Full-Text Search for 7,000 Recipes with PostgreSQL tsvector
How RecipeScrape powers fast recipe search across titles and descriptions using PostgreSQL's built-in full-text search with GIN indexes.
When you have 7,000+ recipes in a database, browsing by category only gets you so far. Users want to search for "quick weeknight chicken dinner" and get relevant results — not just exact keyword matches. PostgreSQL's built-in full-text search, with its tsvector type and GIN indexes, handles this beautifully without needing Elasticsearch or any external search service.
The Setup
The recipes table has a GIN index on a computed tsvector expression:
CREATE INDEX ix_recipes_search ON recipes
USING GIN (to_tsvector('english',
coalesce(title, '') || ' ' || coalesce(description, '')
));This indexes every recipe by its lexemes — the linguistic roots of words. Search for "baking" and it matches "bake". Search for "running" and it finds "ran". PostgreSQL handles stemming, stop word removal, and ranking out of the box.
How Queries Work
The API endpoint at GET /api/v1/recipes?q=quick+chicken+dinner uses PostgreSQL's plainto_tsquery function:
const tsQuery = sql`
to_tsvector('english',
coalesce(${recipes.title}, '') || ' ' ||
coalesce(${recipes.description}, '')
) @@ plainto_tsquery('english', ${opts.q})

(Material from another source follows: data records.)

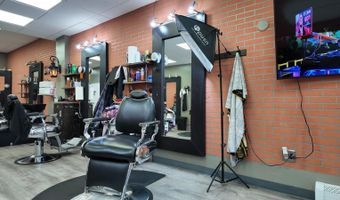 728 BROADWAY, Bayonne, NJ 07002
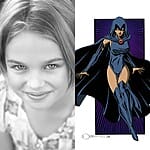 teagan-croft5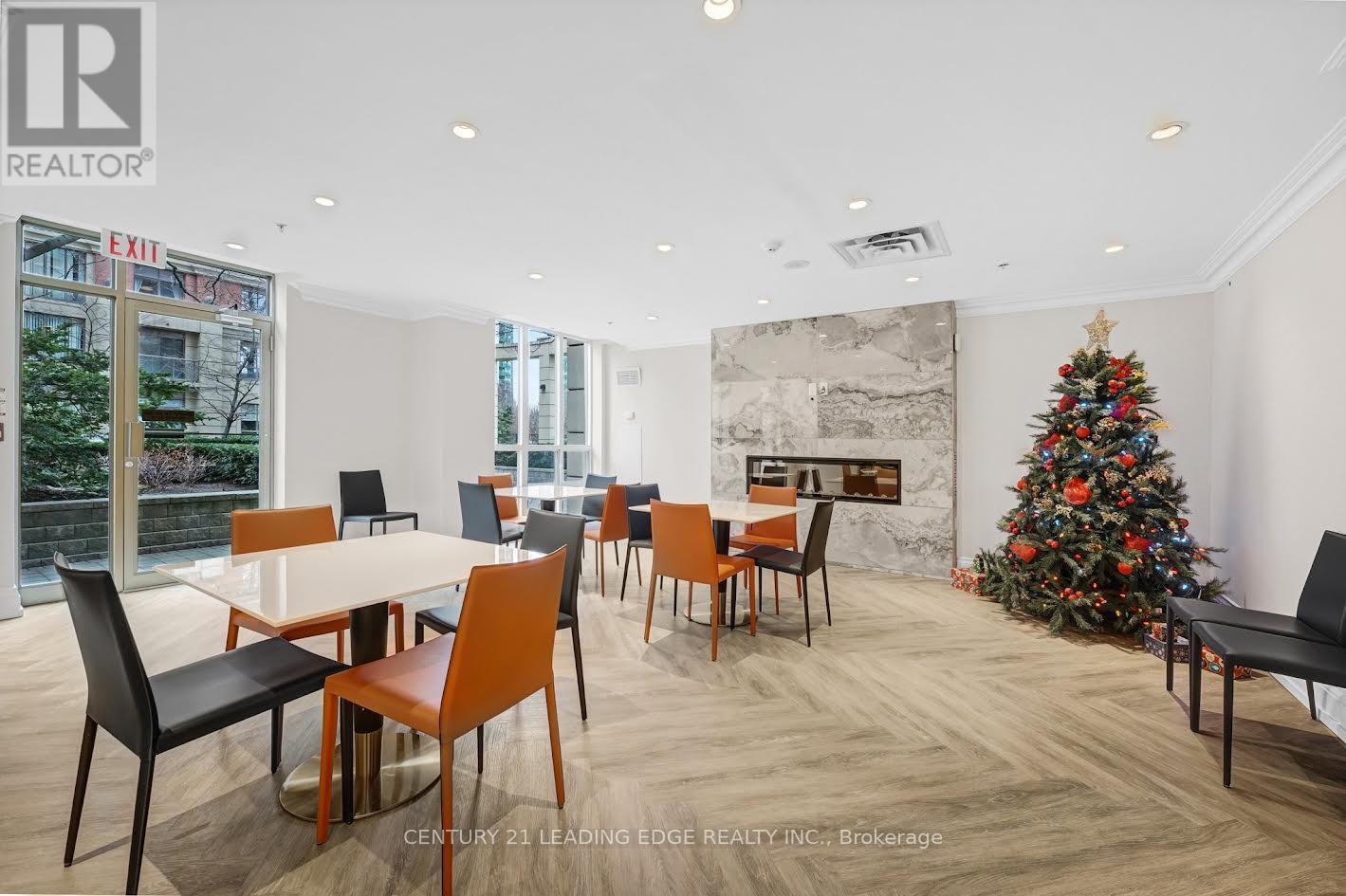 905 - 55 Harrison Garden Boulevard, Toronto, Ontario  M2N 7G3 - Photo 25 - C13242022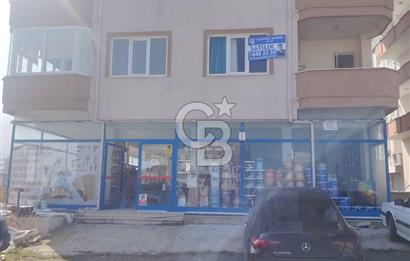 Yalova Çınarcık Kocadere Mah 2+1 Satılık Daire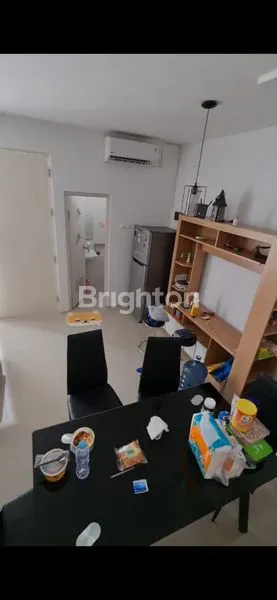 image RUMAH DI JUAL SIAP HUNI DI ROYAL RESIDENCE DEKAT DENGAN PAKUWON MALL DAN AKSES TOL (5)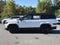 2027 Hyundai SANTA FE Calligraphy AWD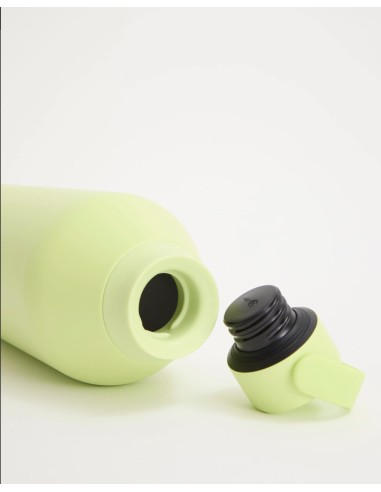 BOTELLA CHILLYS SERIE 3 LIME FLUOR 1L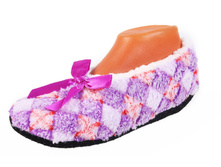 ������� �������� ����:  181 RUB  �������: 38-41 ������� / ���: 961714067 ��������: ������� ��������, �������� ��������. ������� � ���������� ������. ������: 80% �����, 20% �/�.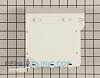 Main Control Board W10205977 Alternate Product View
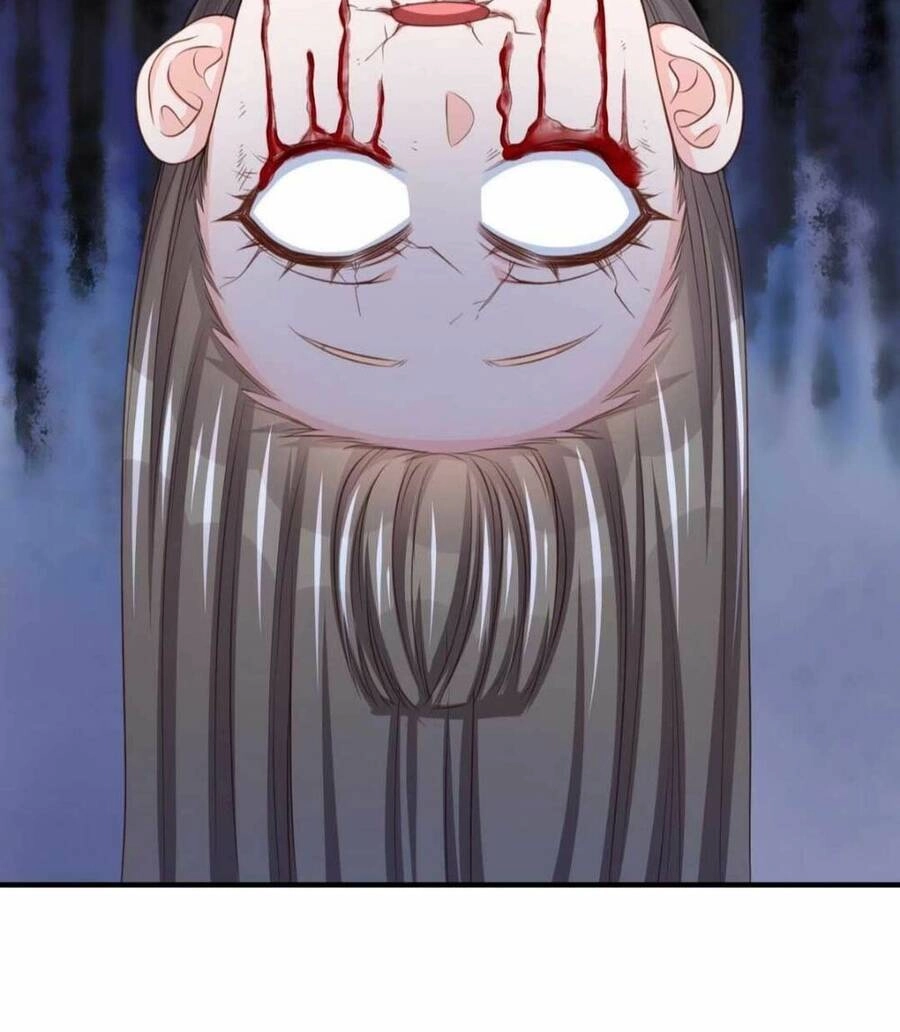 Thuần Hóa Ba Ba Bạo Quân Chapter 25 - 14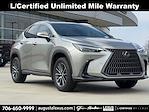 2024 Lexus NX 250 FWD, SUV for sale #LL8427 - photo 1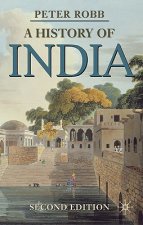 History of India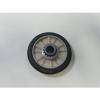 Whirlpool 3397590 Dryer Rear Drum Support Roller
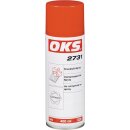 Druckluft-Spray OKS 2731 400ml Spraydose OKS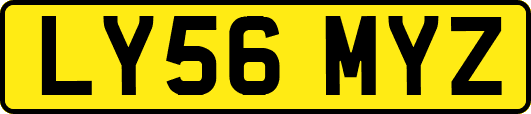 LY56MYZ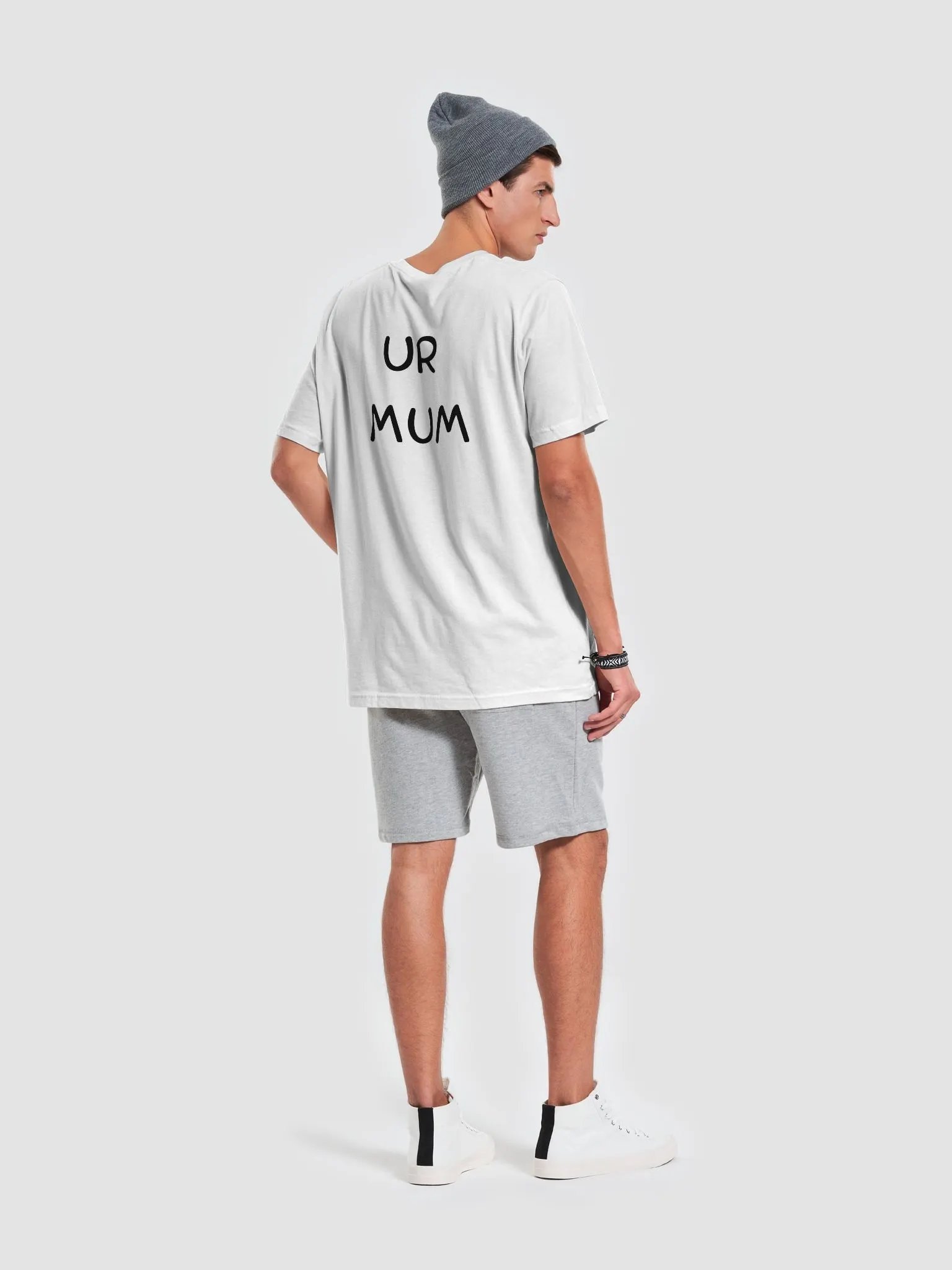 Ur Mum product image (7)
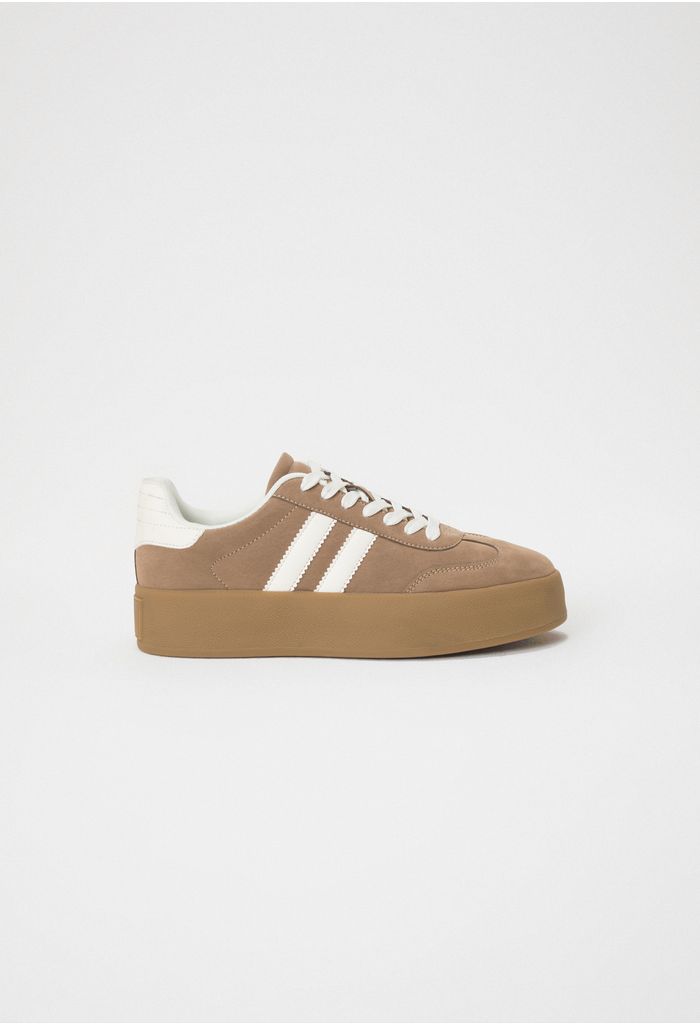 TENIS-BEIGE-E351630A-1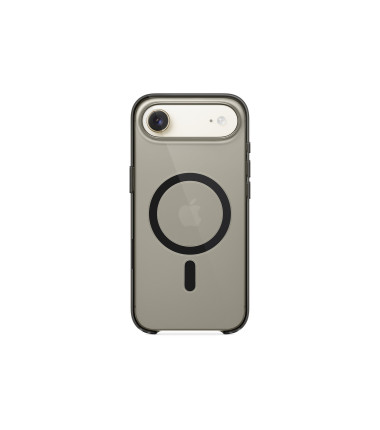 Apple iPhone Air Case with MagSafe – Shadow | Apple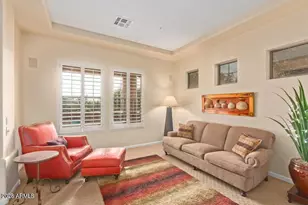 9154 E Mohawk Ln, Scottsdale, AZ 85255 - Photo 4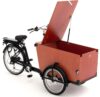 eT20 08030 03 de Babboe Pro Trike-E 2020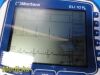 MORTARA ELI 10 RX Digital Electrocardiograph W/ New EKG Lead & Docking St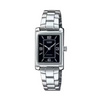 Casio นาฬิกาข้อมือ รุ่น LTP1234DD-1ADF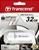 Transcend JetFlash 620 32GB (item no. 90371400) - Thumbnail #1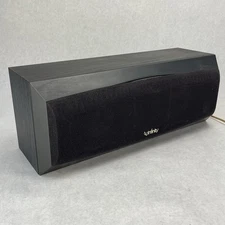 Infinity Entra  Center Channel Loud Speaker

`;The @@ operator is the match operator: it checks if the tsvector matches the tsquery. plainto_tsquery takes a raw user string and converts it to a tsquery automatically, applying the same stemming rules. A user typing "roasted chicken vegetables" gets results for "roast chicken vegetable" behind the scenes.
Combining with Filters
The search compounds naturally with other filters through Drizzle ORM's and() combinator:
const finalWhere = conditions.length > 0
? and(...conditions, tsQuery)
: tsQuery;So ?q=chicken&cuisine=Italian&max_time=30 filters to Italian chicken recipes under 30 minutes, with full-text ranking applied on top.
Performance
With 7,000+ rows, the GIN index keeps search responses well under 50ms on Neon's serverless Postgres. The index is roughly proportional to the total text volume — even at 100,000 recipes, GIN indexes remain efficient because they're designed for this exact workload.
Why Not Just Use ILIKE?
A naive WHERE title ILIKE '%chicken%' approach would:
- Miss "chicken" if someone types "chikin"
- Match "chickenpox" if someone types "chicken" (no word boundary awareness)
- Require a full table scan (no index support for leading-wildcard patterns)
tsvector avoids all three problems with proper linguistics and indexed lookups.
One Caveat
This approach works well for English-language content. PostgreSQL supports 11 other text search configurations (German, French, Spanish, etc.), but RecipeScrape is English-only for Phase 1. Adding multi-language support would mean indexing the same text with multiple configurations — doable, but a problem for later.